Toshiba said it was open to talks with Western Digital in their dispute over the sale of the Japanese conglomerate’s prized chip unit—an apparent olive branch after it chose another suitor as preferred bidder.

The two have been feuding bitterly and Western Digital, which jointly runs Toshiba’s main semiconductor plant, has sought a U.S. court injunction to prevent any deal that does not have its consent.

The softer tone from Toshiba comes on a day of further indignities as the crisis-wracked conglomerate saw itself demoted to the second section of the Tokyo Stock Exchange and estimated bigger losses for the past financial year.

This week it chose a consortium of Bain Capital and Japanese government investors as preferred bidder for the unit, the world’s No. 2 producer of NAND flash chips. It wants to clinch a deal, worth some $18 billion, by June 28, the day of its shareholders meeting.

“Western Digital used to be a good partner, so we want to continue talks. I’m disappointed with the current dispute,” Toshiba CEO Satoshi Tsunakawa told a news conference, adding it was important that they joined forces to better compete against bigger rival Samsung Electronics.

“We want Western Digital to jointly invest to fight against Samsung. It will be so disappointing if we can’t do so because of the dispute,” he said.

But in a sign that tensions were still high, Tsunakawa also said Toshiba was not going to be the first to propose the U.S. firm join the consortium and it was still considering whether to block Western Digital employees not based at the plant from accessing joint venture data servers.

Tsunakawa also said he did not expect any changes to the make-up of the consortium before June 28.

Western Digital’s offer had not found favor on price and because the U.S. firm wanted to take control of the unit, he said, adding that he expected executives from Toshiba to still be running operations after the sale.

His comments come after sources familiar with matter said earlier this week that the Bain consortium members had made resolving the dispute with Western Digital a condition of their investment.

Representatives for Western Digital were not immediately available to comment.

HYNIX HURDLES?

South Korean chipmaker SK Hynix Inc is also part of the Bain consortium and its membership has raised concerns that the winning bid may find it difficult to clear anti-trust reviews.

Its presence has made Western Digital reluctant to join the group in its current form due to worries that high-level technology for NAND chips, which provide long-term data storage, could be leaked to its rival, sources familiar with the matter have said.

But Tsunakawa said SK Hynix would not be holding any equity and would not be involved in management – an arrangement that was unlikely to raise regulatory red flags and would prevent leaks of key technology information.

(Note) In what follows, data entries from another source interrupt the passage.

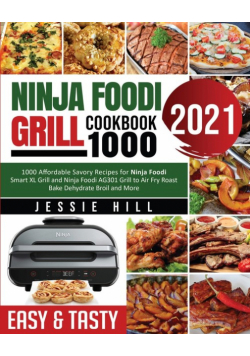 Ninja Foodi Grill cookbook 1000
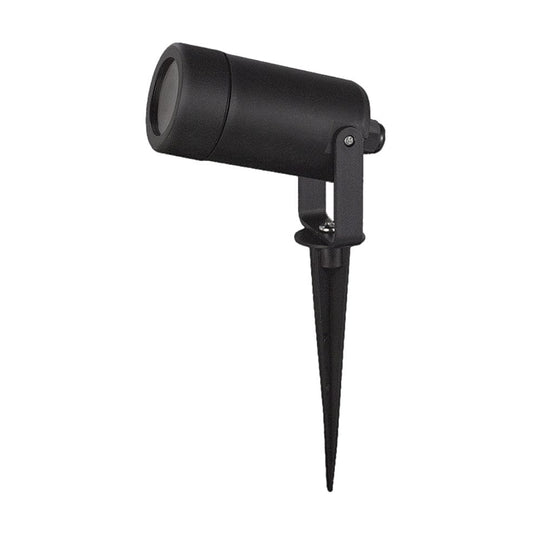 The Lighting Club Outdoor Light Outdoor Polycarbonate Adjustable Spike Light Black P-KLG-4901
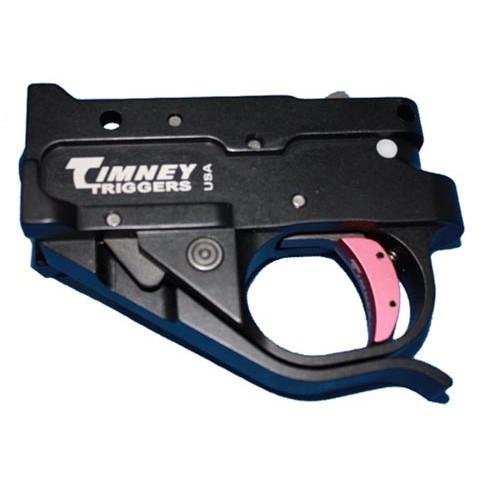 Timney 1022CE Calvin Elite Trigger Kit Red Shoe Black Housing Ruger 10/22 - Timney Triggers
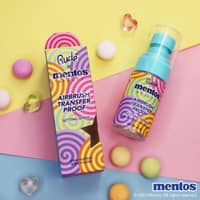 Rude Mentos Airbrush Transfer Proof Setting Spray - image 2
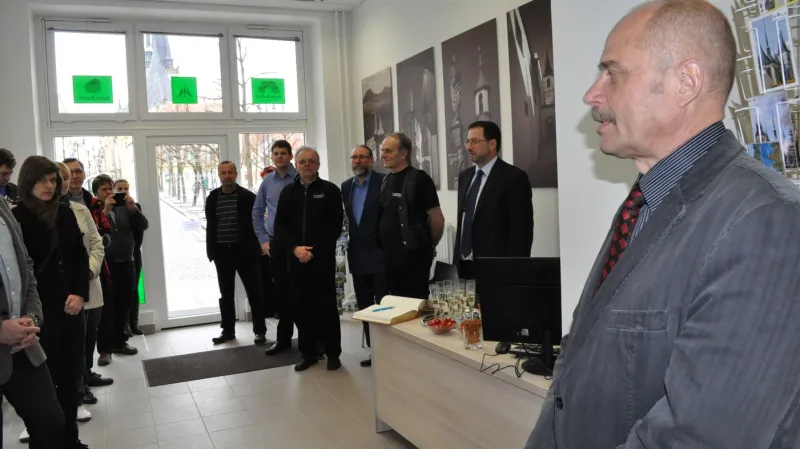 Louny - nové městské informační centrum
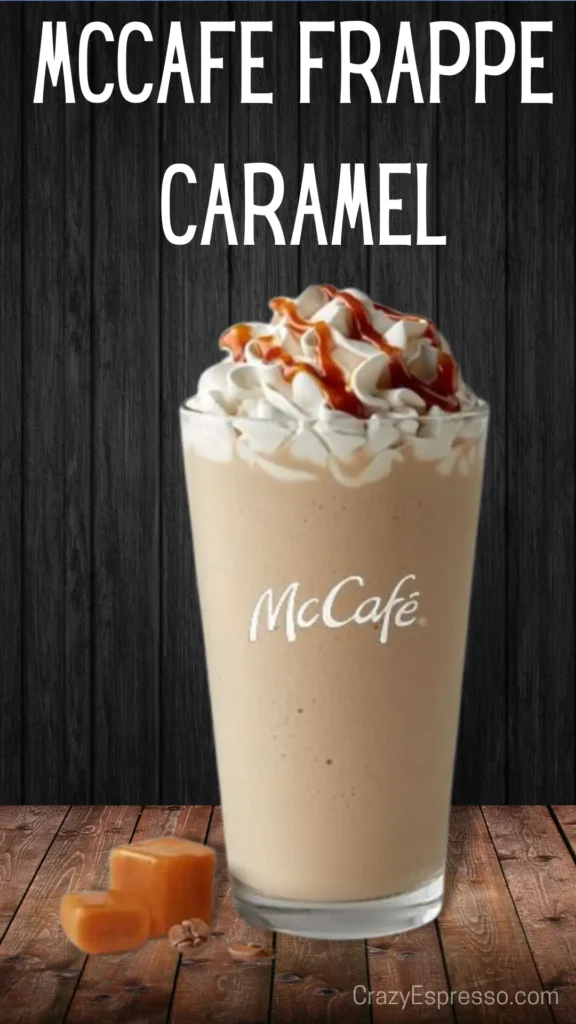 McCafe Frappe Carame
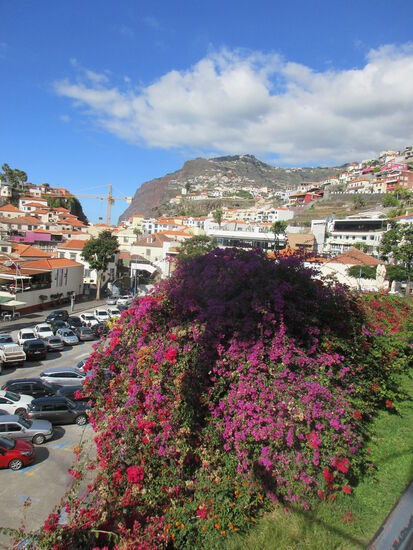 Blick auf Cabo Grao und Camara de Lobos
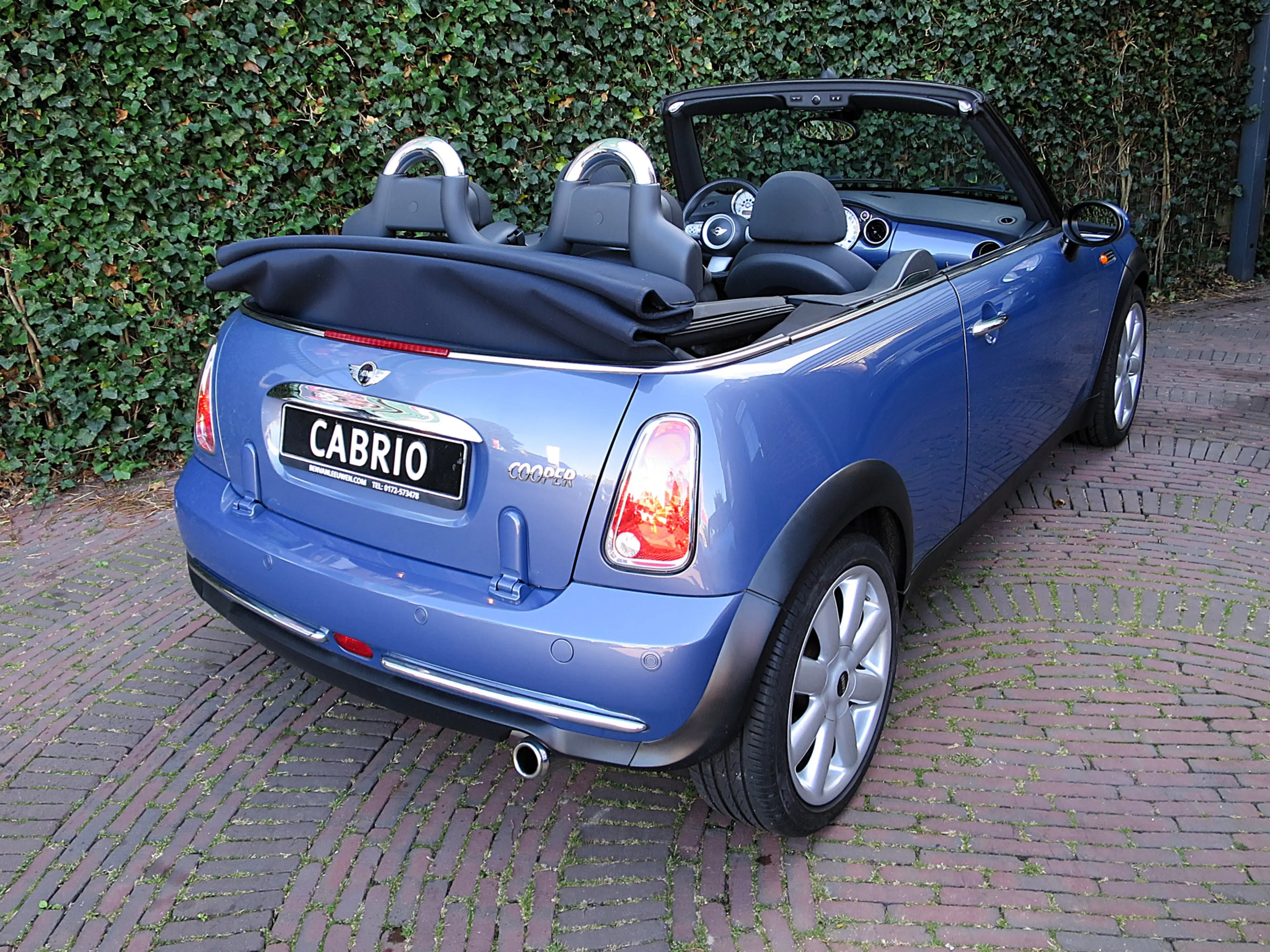MINI Cooper Cabrio 1.6 Pepper R52 NL-auto, Clima, Cruise control en 1 — photo 2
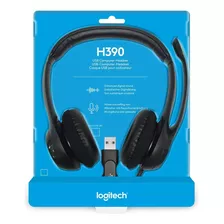 Headset Usb Logitech H390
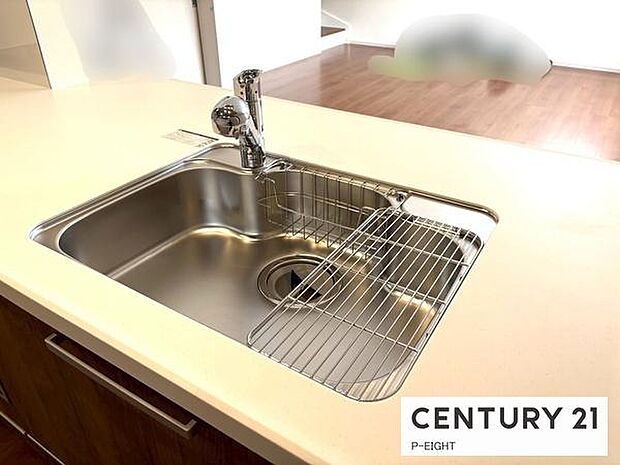 丈夫なステンレスシンク!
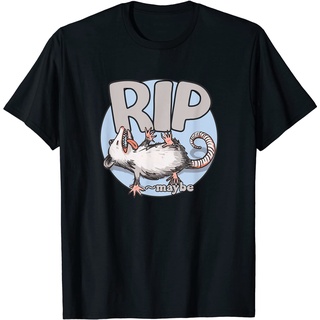 เสื้อยืด ลายตลก RIP Possum สําหรับผู้ใหญ่S-5XL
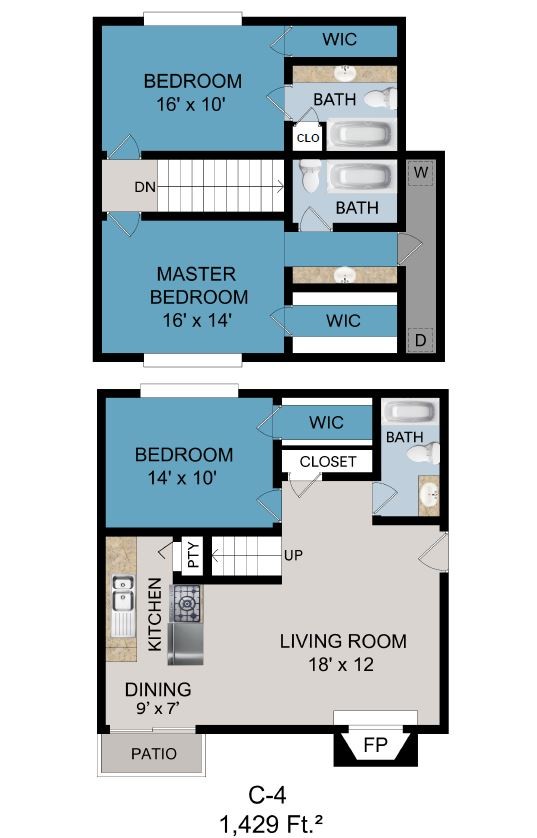 Floorplan - Marina Del Rey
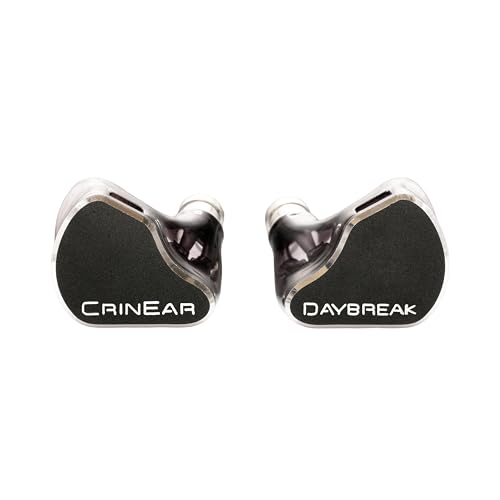 使用1度のみ CRINEAR DAYBREAK 付属品完備 CrinEar Daybreak 製品レビュー - Frieve - Audio Review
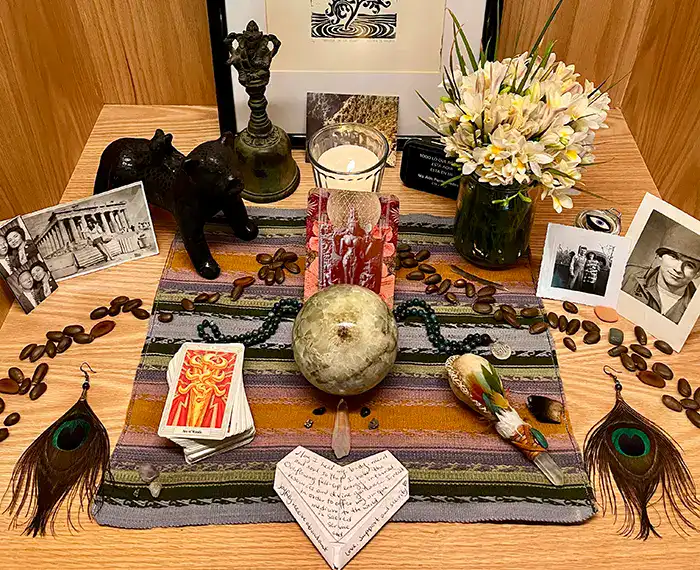 Ibogaine flood dose altar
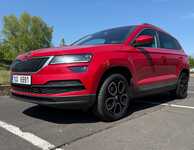 ŠKODA KAROQ jsme obuli na Alu kolo HRS 7x17" 5x112x57 ET45 a Sailun ZSR2 Atrezzo 215/55 R17 98W XL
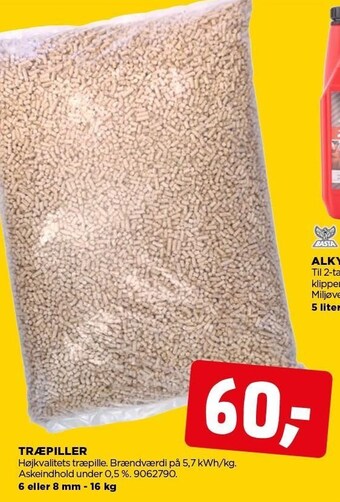 jem & fix Træpiller tilbud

SK Hynix, which is relatively weak in NAND flash memory chips, has said it has joined the group because it sees new business opportunities. It will provide half of the 850 billion yen ($7.6 billion) that Bain plans to put up in the form of financing, sources have said.

Earlier in the day, Toshiba flagged a net loss of around $9 billion for the year ended in March with negative shareholders’ equity of around $5.2 billion, both worse than expected on an increase in liabilities at bankrupt nuclear unit Westinghouse and potential legal damages.

With negative shareholder equity confirmed, the Tokyo Stock Exchange said it would move Toshiba’s listing to the second section of the bourse from Aug. 1 – the latest in a series of humiliating developments since December for a firm that has been in business for more than 140 years.

Toshiba also received regulatory approval to delay filing its annual earnings by more than a month amid a prolonged accounting investigation at Westinghouse. It is the sixth time since 2015 that Toshiba has delayed an earnings filing.

Regulators have now given Toshiba until Aug. 10 instead of June 30 to submit the filing. Failure to gain an extension would have put the troubled company’s stock exchange listing in further jeopardy, although it still needs to dig itself out of negative shareholders’ equity by the end of this financial year to stay listed.